I don’t know if this is justice, hard earned

Or simply a matter of greed’

Dan Fogelberg, Loose Ends


“There was once a rich man who, having had a good harvest from his land, thought to himself, ‘What am I to do? I have not enough room to store my crops. Then he said, ‘This is what I shall do: I will pull down my barns and build bigger ones, and store all my grain and my goods in them, and I will say to my soul: My soul, you have plenty of good things laid by for many years to come; take things easy, eat, drink, have a good time’. But God said to him, ‘Fool, This very night the demand will be made for your soul; and this hoard of yours, whose will it be then?’ So it is when a man stores up treasure for himself in place of making himself rich in the sight of God.”

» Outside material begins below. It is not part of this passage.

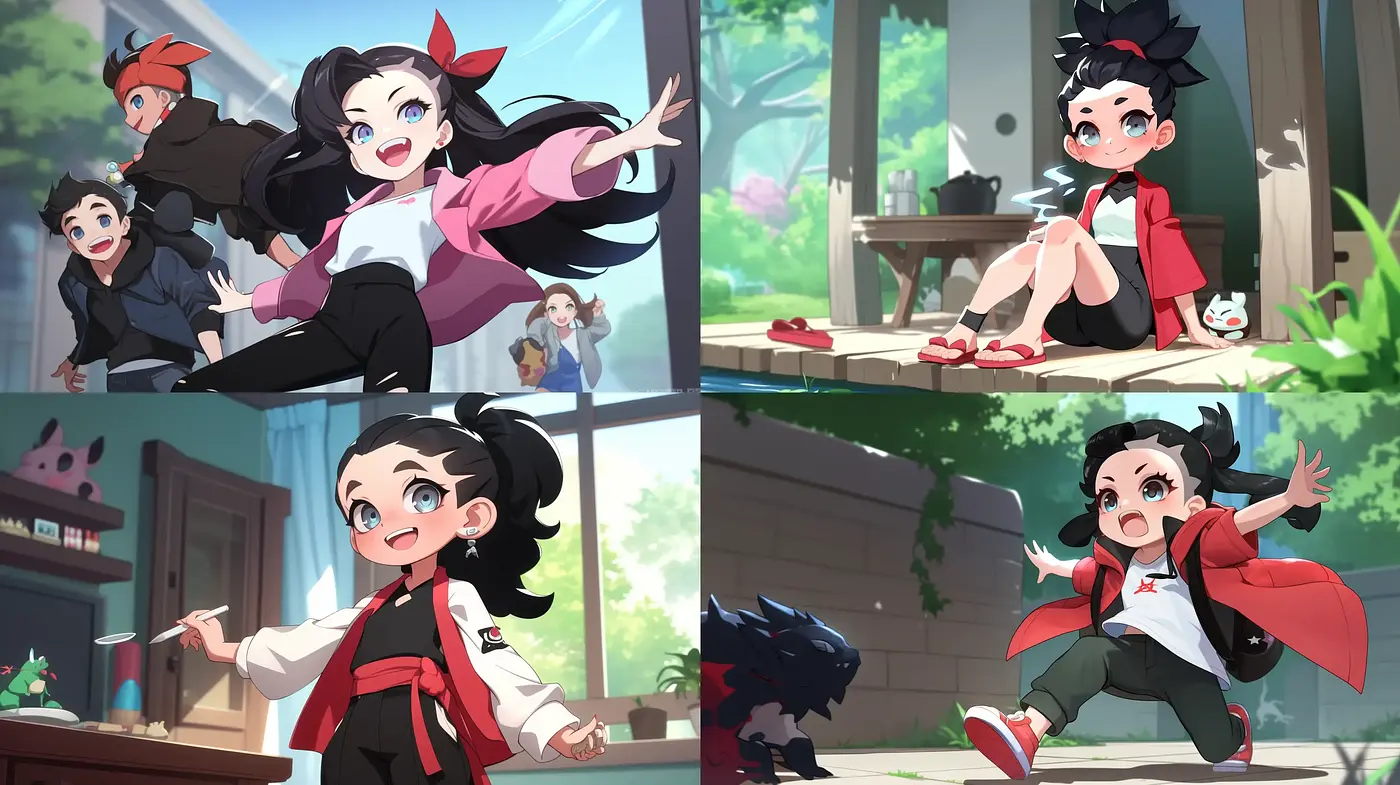 Vibrant Storybook Escapade: A Cheerful Anime-Inspired Journey - Midjourney sref style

Greed is like pornography; it is a corrupted reflection of human virtue, it titillates most people whether they are rich or poor, and despite its obvious existence, it is hard to define and pin down in a legal sense. The pursuit of wealth, just like the sexual conquest, is wholly glorified in nearly every society on Earth. That is why the wealthy hire the sweat of honest men and take the lion’s share, while the poor purchase lottery tickets in hopes of changing their caste. The idea of extreme wealth, especially the sort of wealth that is attained instead of earned, has a hypnotic grip on much of society.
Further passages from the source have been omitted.